Blaney has been discussing security issues in London with U.S. Homeland Security Secretary Jeh Johnson and ministerial counterparts from Britain, Australia and New Zealand.
On the sidelines of the Five Eyes meeting, he and Johnson talked about strengthening bilateral information exchanges, including case-specific sharing on citizens suspected of terrorism-related activity.
Blaney pointed out that the Conservative government's new bill would allow sharing of data from Canada's no-fly list with close allies.
In an interview Friday, the minister said that doesn't mean handing U.S. officials the full list of people suspected of being a threat to the skies.

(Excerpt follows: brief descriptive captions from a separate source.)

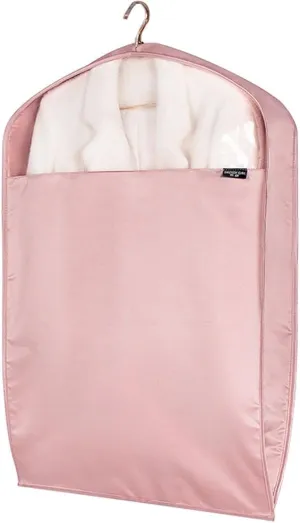 Clothes Cover 3.5" Gussetes Suit Bags Hanging 2 Pack Garment Bags for Travel, Suit Clothes Bag Suit Bags (Color : A, Size : 80 * 58cm)
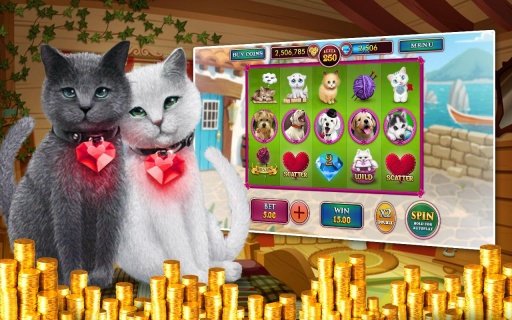 Diamond Dogs FREE SLOTS ...截图2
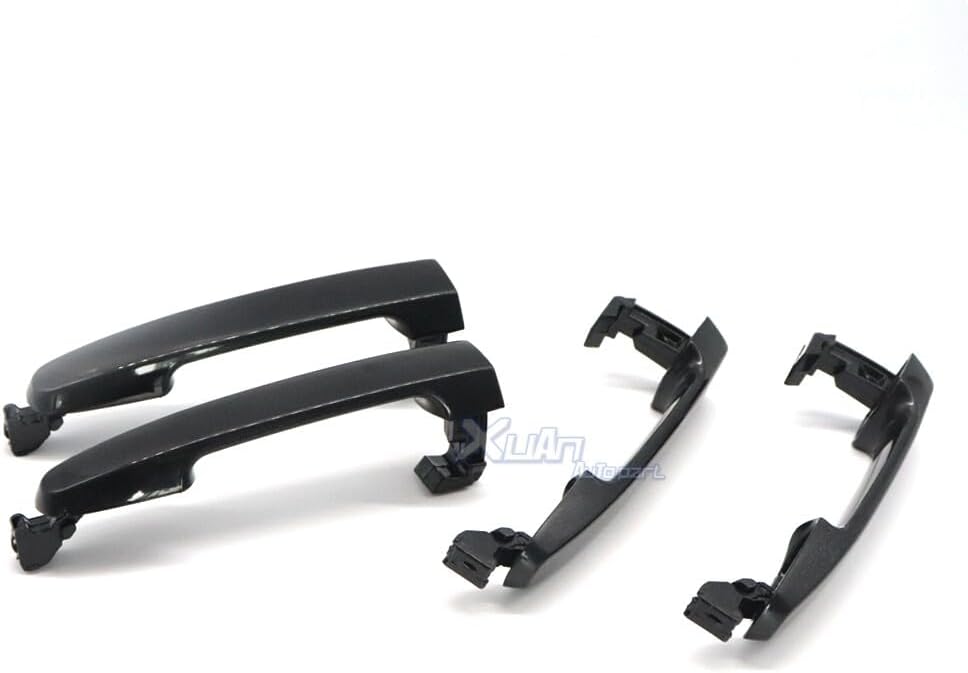 ya 10 9.16 baidi 4X Black Front Rear Left Right Door Handles for Toyota Matrix for Camry Highlander
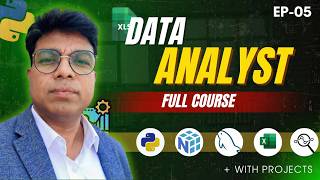 Class-5 | From Raw Data to Interactive Excel Dashboard | Complete Guide 2026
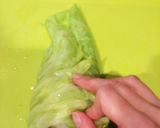 春キャベツでさっぱりロールキャベツ♪作り方16写真
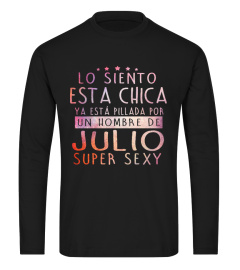 LO SIENTO ESTA CHICA UN HOMBRE DE JULIO SUPER SEXY T-SHIRT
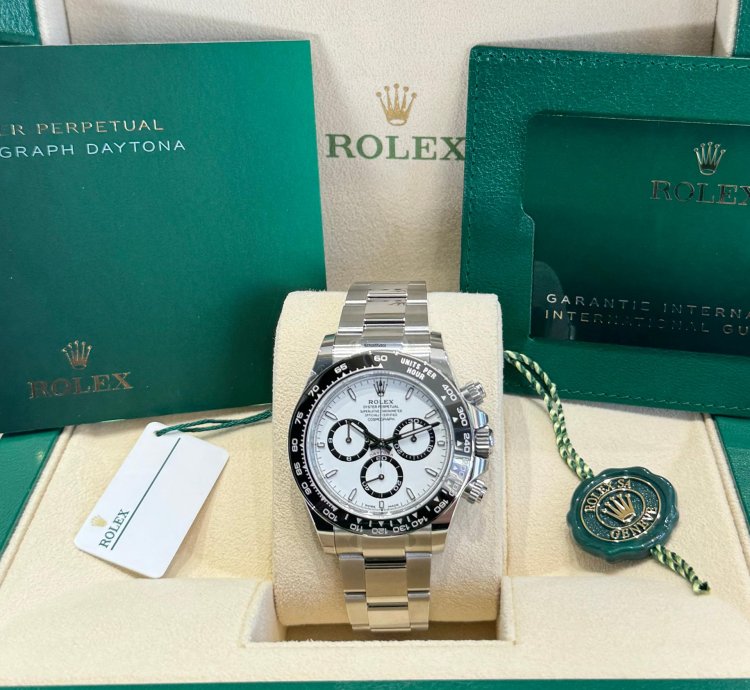 Rolex Daytona 126500 White Stainless Steel 2024 New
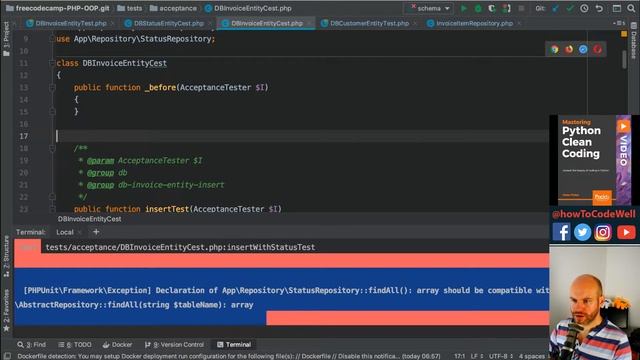 Live PHP Coding Stream #47 Fixing PHP Bugs смотреть онлайн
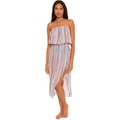 BECCA by Rebecca Virtue Beach Ball Woven Dress Cover-Up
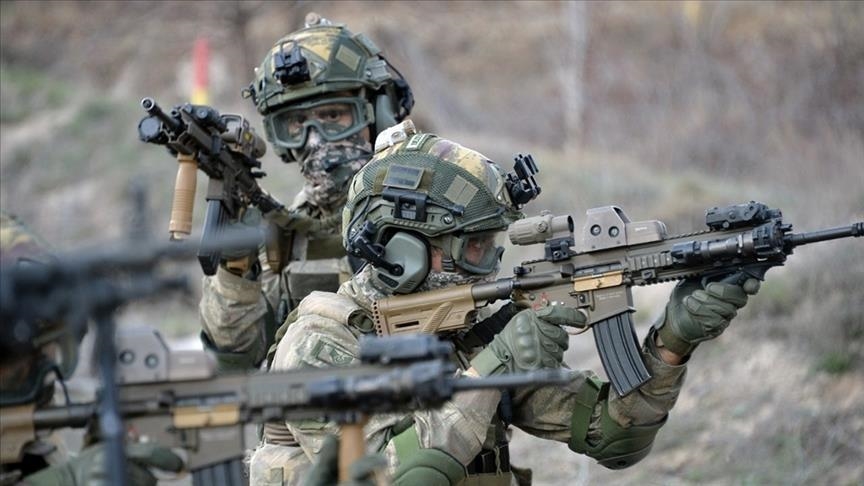 Turkish forces ‘neutralize’ 7 PKK terrorists in northern Iraq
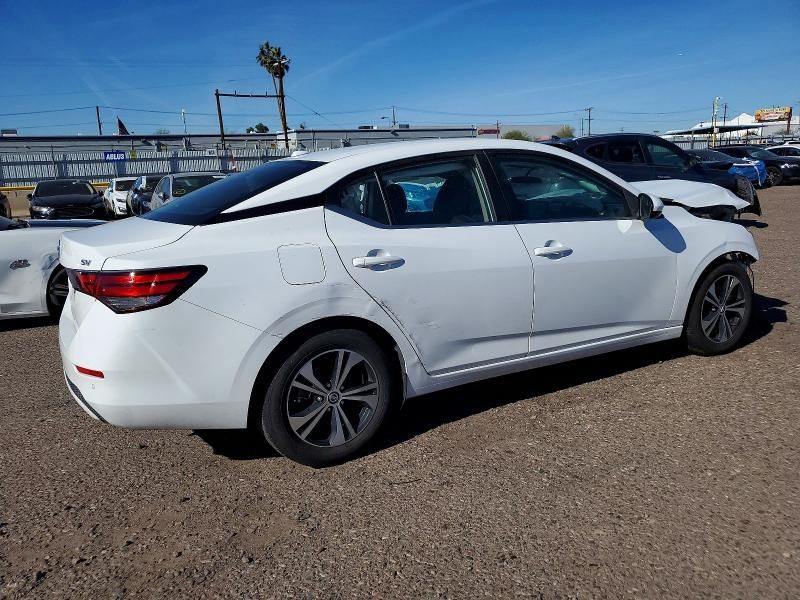 2023 Nissan Sentra sv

"I made clear that, from a Canadian perspective, we have to first take into consideration the privacy of Canadians."
Blaney said only information about high-risk travellers would be shared under a memorandum of understanding that conforms with Canadian privacy law.
The Conservatives have recently introduced two bills to help Canadian security agencies investigate and derail extremist threats.

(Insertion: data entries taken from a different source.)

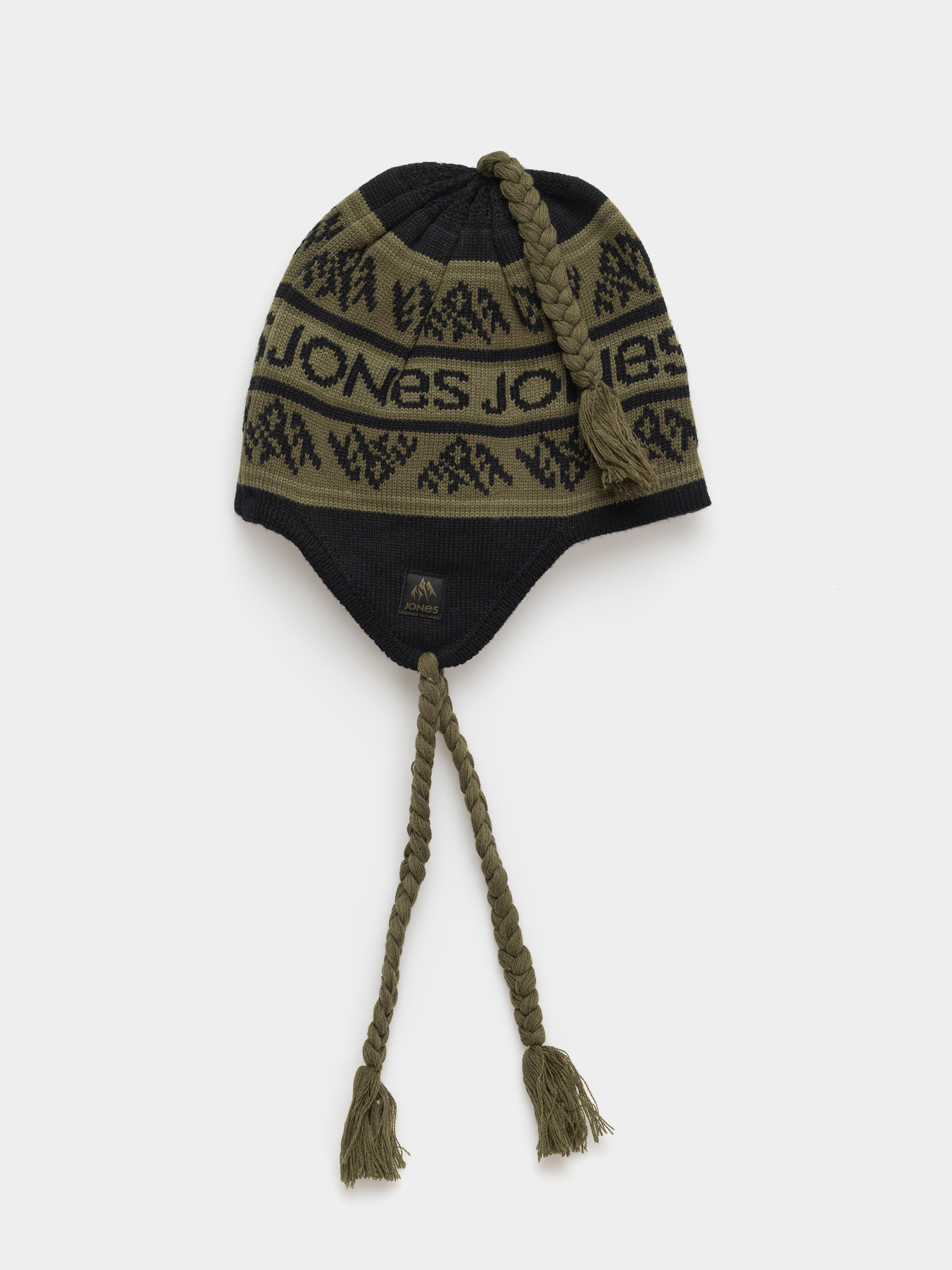 Jones Snowboards Inaki Rec Mu00fctze (stealth black)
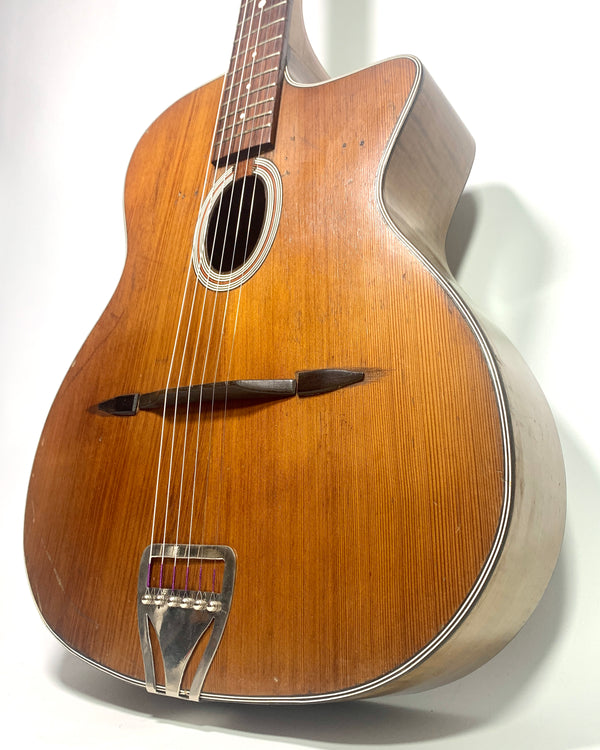 Antoine Di Mauro Saint Louis Blues 1950's (Gypsy Guitar)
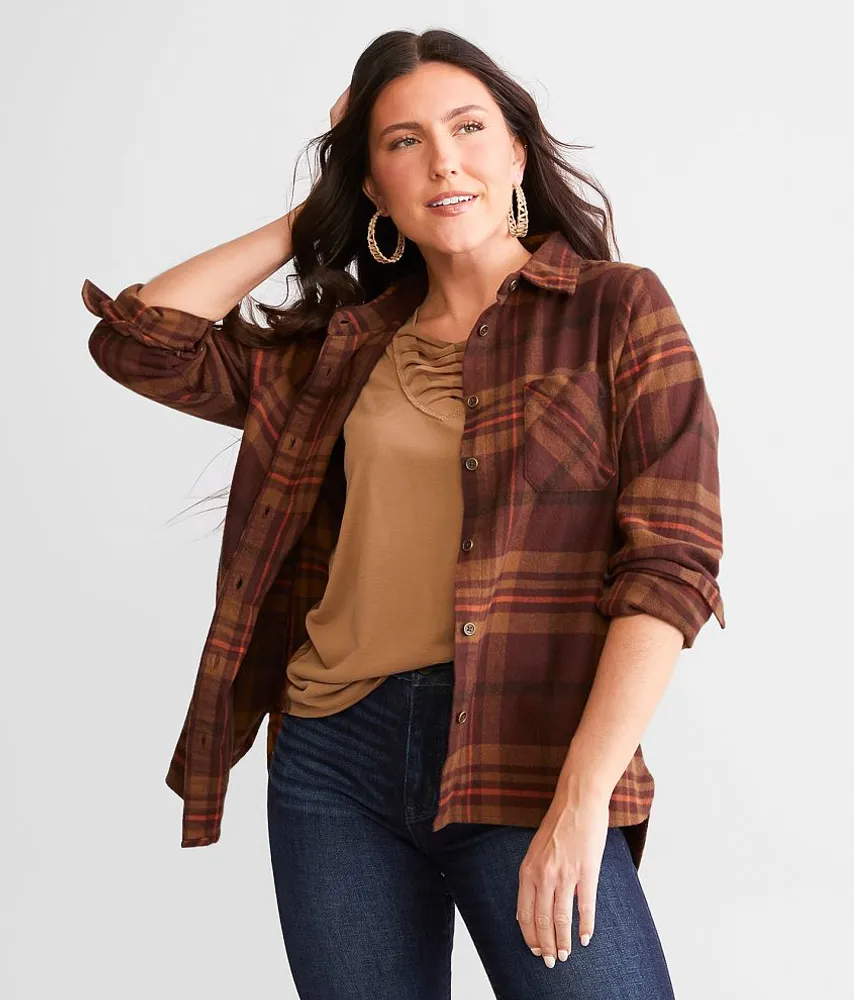 Plaid Flannel Shirt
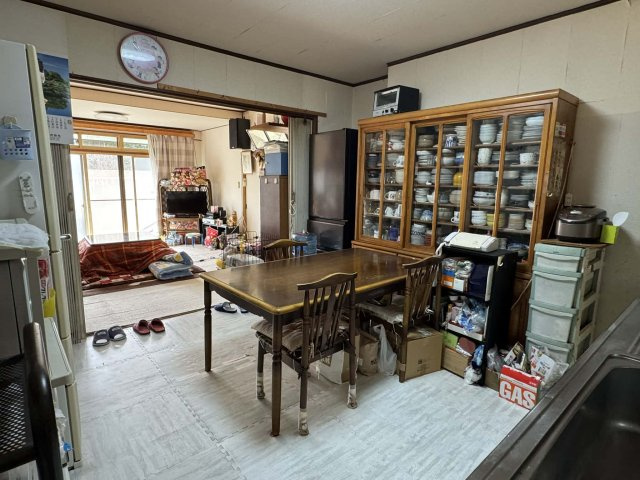 大豆島　中古戸建のキッチン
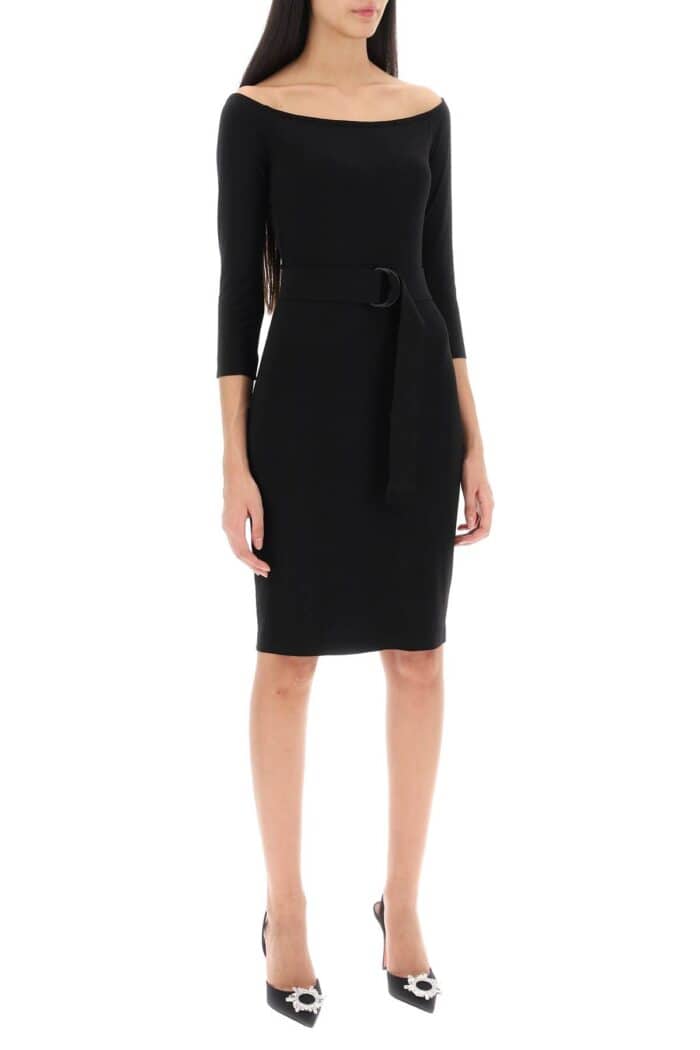 Norma Kamali Jersey Knee-length Dress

Legislation tabled late last month would give the Canadian Security Intelligence Service powers to actively disrupt threats, not just collect and analyze information about them. It would also make it easier for police to control the movements of terror suspects and to detain them longer without warrant.
In addition, the legislation would expand the no-fly regime to cover those travelling by air to take part in terrorist activities, whereas currently there must be an immediate risk to the plane.
Opposition MPs and civil liberties advocates have called for stronger oversight of Canadian intelligence services in light of the proposed new powers — something the government has rejected as unnecessary, given existing watchdog mechanisms.
When it comes to critical anti-terrorism outreach at home, the Conservatives are "missing in action," NDP public safety critic Randall Garrison told the House of Commons on Friday.
Blaney defended the government's efforts, saying in the interview the bill would allow CSIS to intervene at an early stage with people at risk of becoming radicalized through Internet propaganda.
"But we agree, we need to keep working in that direction with more strategy, especially in the prevention aspect," Blaney added.
Countries must share best practices and create an "effective counter-narrative" to help break the grip of radicalization on young people, he said.
Canada has agreed to share the findings of its counter-terrorism research under the Kanishka initiative, a multi-year effort recommended by the commission of inquiry into the Air India bombing, Blaney said.
He also expressed admiration for British efforts to ensure "all citizens have a sense of belonging to the nation" as well as respect for democracy, gender equality and freedom of expression.